A quick google search will inform you it’s all about the eyes-specifically smoky. Psychology will tell you it’s about enhancing features that men find attractive. Men themselves, might tell you they like it natural. Do we ever do makeup to look sexy? Is it about ourselves or impressing other women? And do we believe there is a look that coincides?
One of my first modelling jobs involved lingerie. I immediately tried to mimic the notion of sex appeal – mouth open (I do actually have an overbite), stomach sucked in, doing somewhat suggestive poses. The photographer looked at me and said, “no. Don’t pose like that”. Every modelling job I have landed, I have had a photographer who wants me to pose different. They all have their own conceptions on what sex appeal is. Not to say I have only ever done “sexy” shoots, but the ideas they put across all seemingly differ. None have ever asked me to do what I assumed were the right characteristics.
People on the makeup chair tend to want three things: smoky eyes, red lips or defined contouring. I think what we assume is beautiful, is more to do with society and the images projected. You can imagine the fashion pages telling us defined thin eyebrows are back in,
and seeing a spike in the purchase of tweezers. Ignoring magazines, quotes on what men like and the psychology of sexy; it all leads to that big word: confidence.
Beauty and sex can be put together – confidence is one of the key elements that links them. It’s the first thing you need when thinking about what’s sexy. That is my firm belief. The second is, knowing what your best features are. Old Hollywood stars may have all worn red lipstick, but individually their appearances were all about making them look their best. Audrey Hepburn stated she didn’t like her nose-she thought it was too big. But her makeup artist does not contour it away. Instead he makes you notice her big eyes, her chiselled cheekbones. I had to do this when my acne was in full effect. Even now, my skin is not the greatest, so I play up other features in the hopes they distract from the truth.
My third belief when it comes to the idea of sexy, is to not be afraid of shunning what society states. Orange or purple lipstick can look hot, as can rosy cheeks and purple shadow. It does not always have to be red or smoky, it can be anything that makes you feel good.

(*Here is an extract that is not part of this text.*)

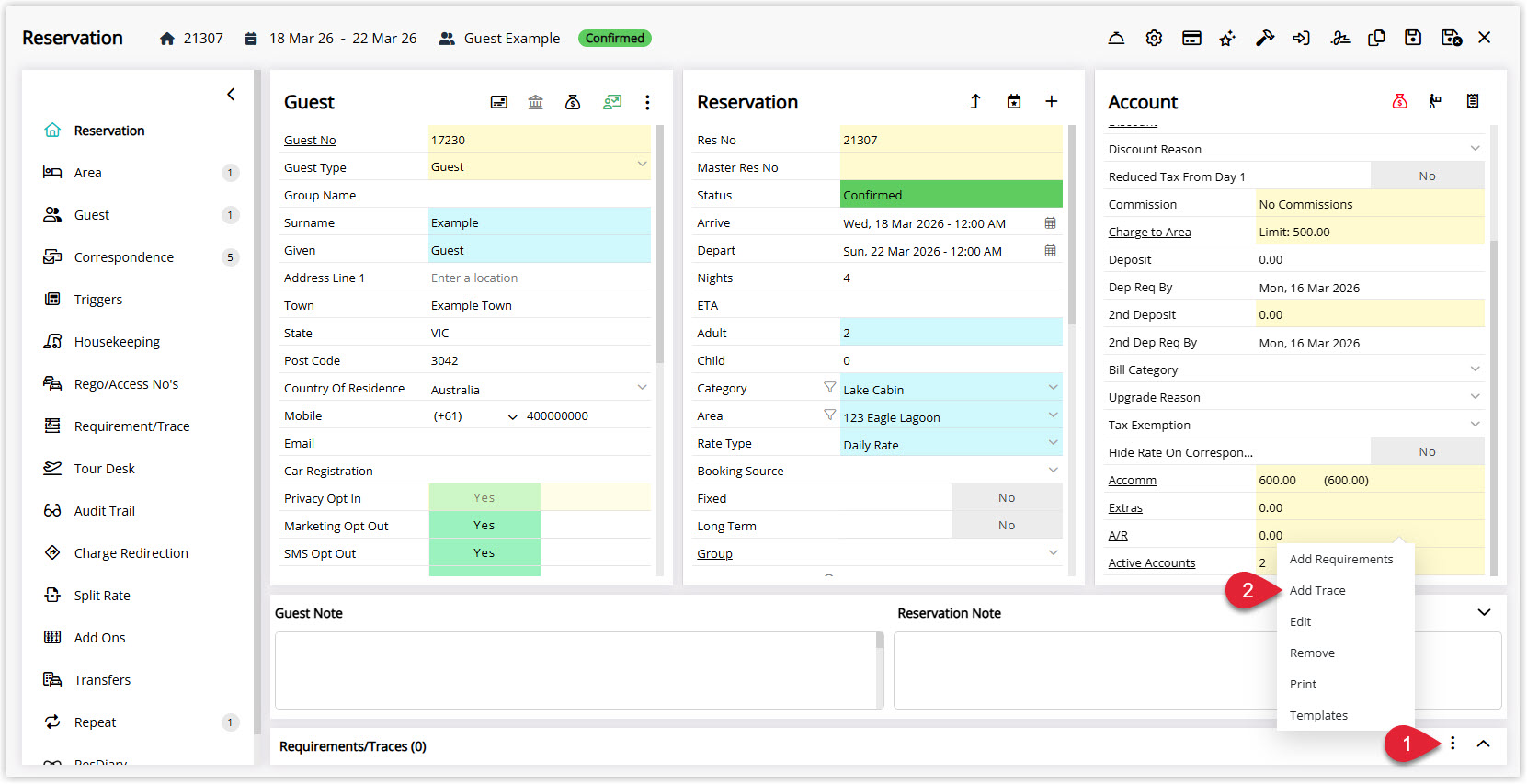 Annotated screenshot of the Reservation screen in RMS highlighting the Requirements/Traces menu and the Add Trace option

Beauty, sex appeal – that is personal. What I may deem attractive another may consider the opposite. I believe women are more comfortable admitting they want to impress other women, as opposed to men. I think some define sexiness from a particular decade they try to recreate, and others go by their own preferences. We all have an opinion, but a person whose confident, emphasising their own beauty and following their own rules, is surly doing makeup that’s sexy.
Do you believe there is a set look for achieving sex appeal? And what’s your favourite go to beauty look, when wanting to impress?